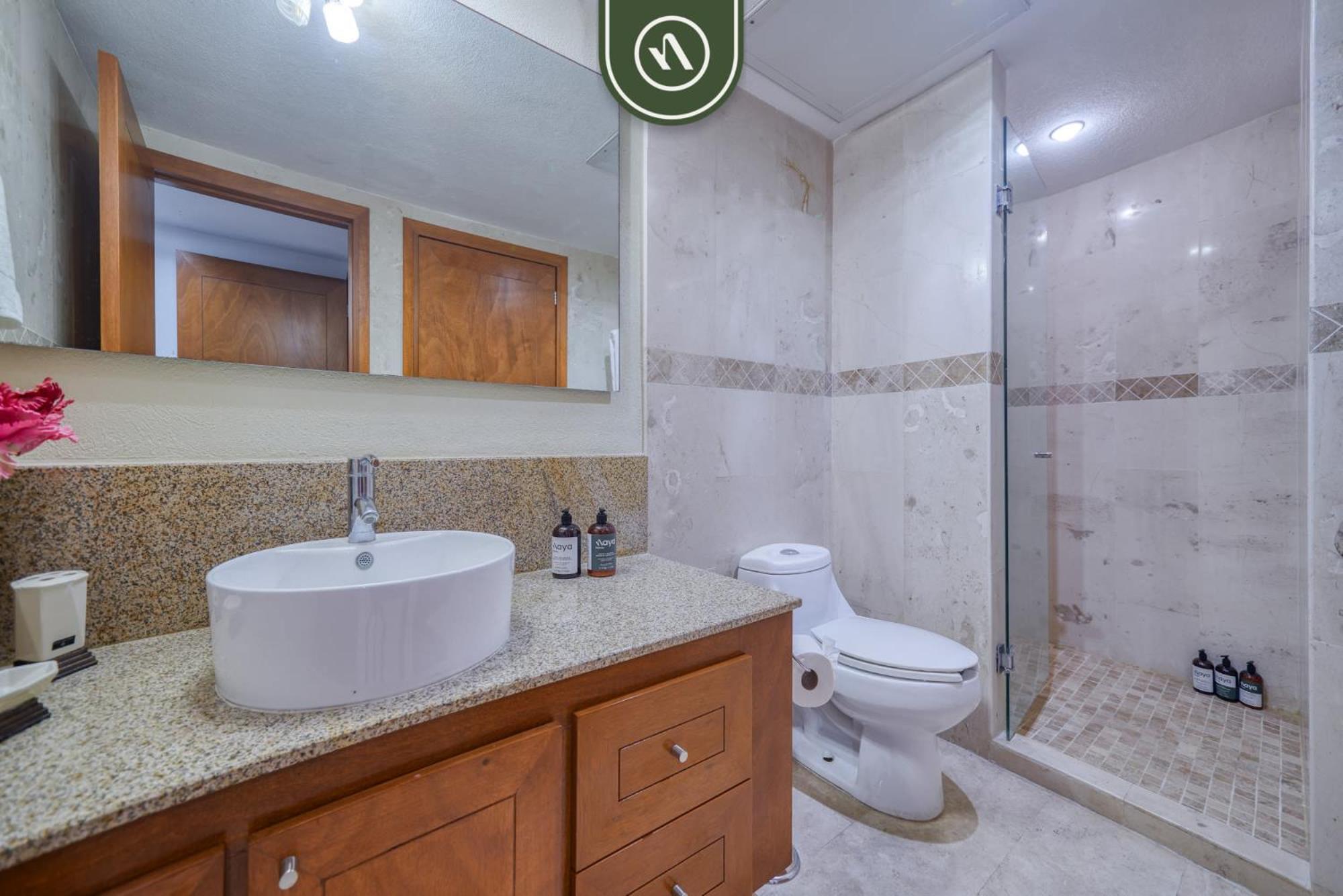 Amazing With Ocean View - Jacuzzi - *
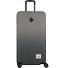  Heritage 4 roulettes Trolley L 81 cm Modéle black gradient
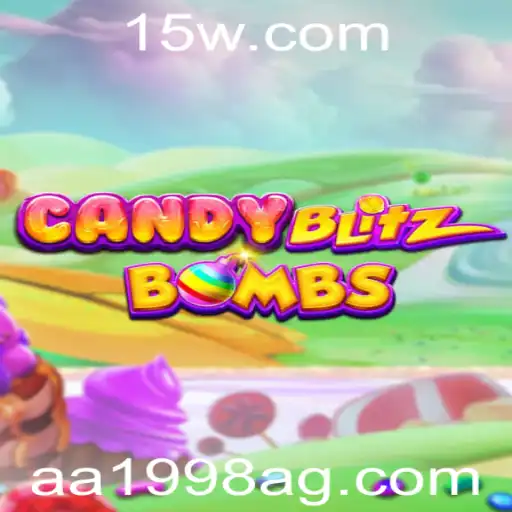 CandyBlitzBombs: O Guia Completo Para Dominar O Jogo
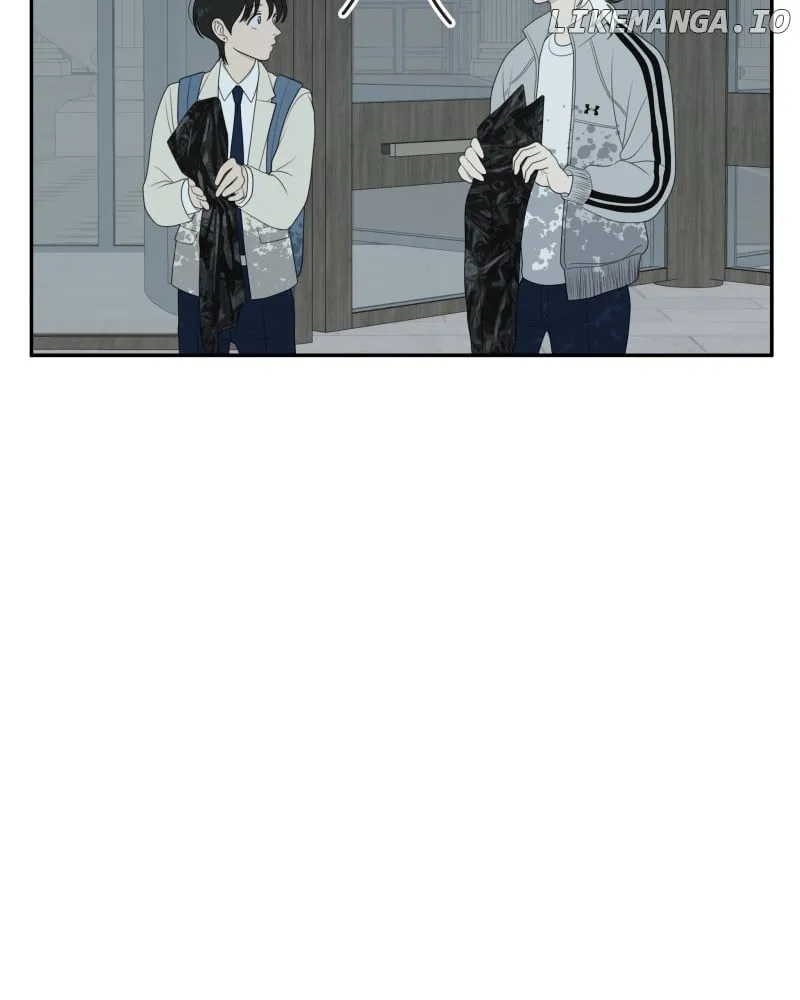 Illip Art High School Students Chapter 61.5 page 65 - 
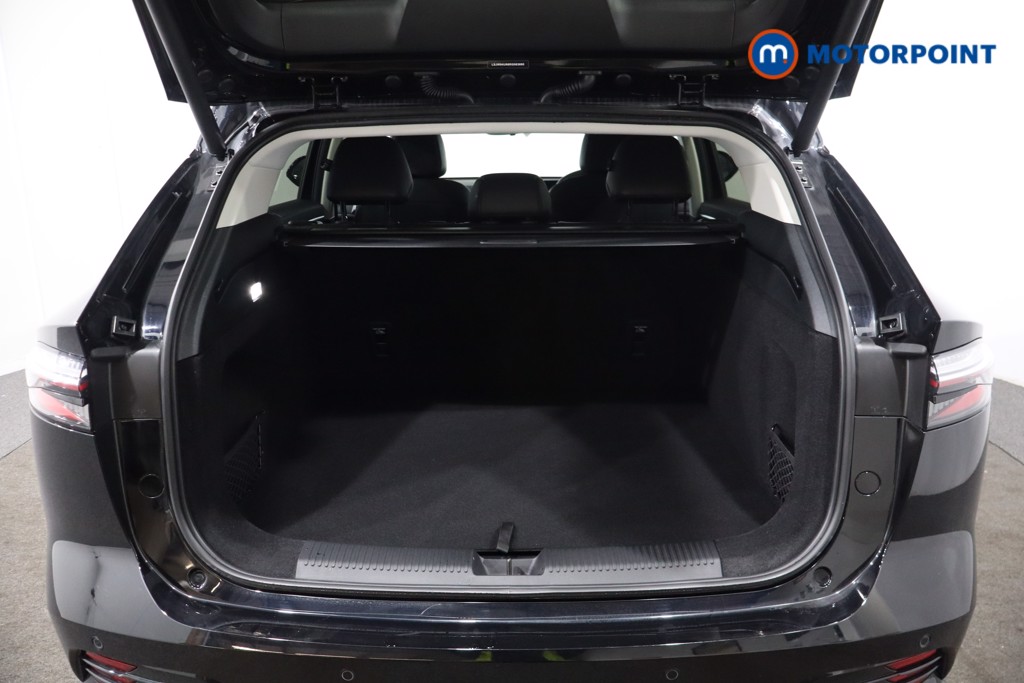 Mg Motor Uk HS Trophy Automatic Petrol SUV - Stock Number (1572240) - 31st supplementary image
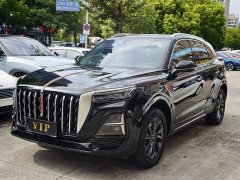 Hongqi HS5 2.0T Qixiang Pro version - фото 1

— TASK TO COMPLETE —
From the line containing "CandyBlitzBombs: O Guia" through the last line of the material above, write out each line exactly, leaving aside all pictures.

— SOLUTION TO THE EXERCISE —
 CandyBlitzBombs: O Guia Completo Para Dominar O Jogo
 Illip Art High School Students Chapter 61.5 page 65 - 
 Mg Motor Uk HS Trophy Automatic Petrol SUV - Stock Number (1572240) - 31st supplementary image
 Hongqi HS5 2.0T Qixiang Pro version - фото 1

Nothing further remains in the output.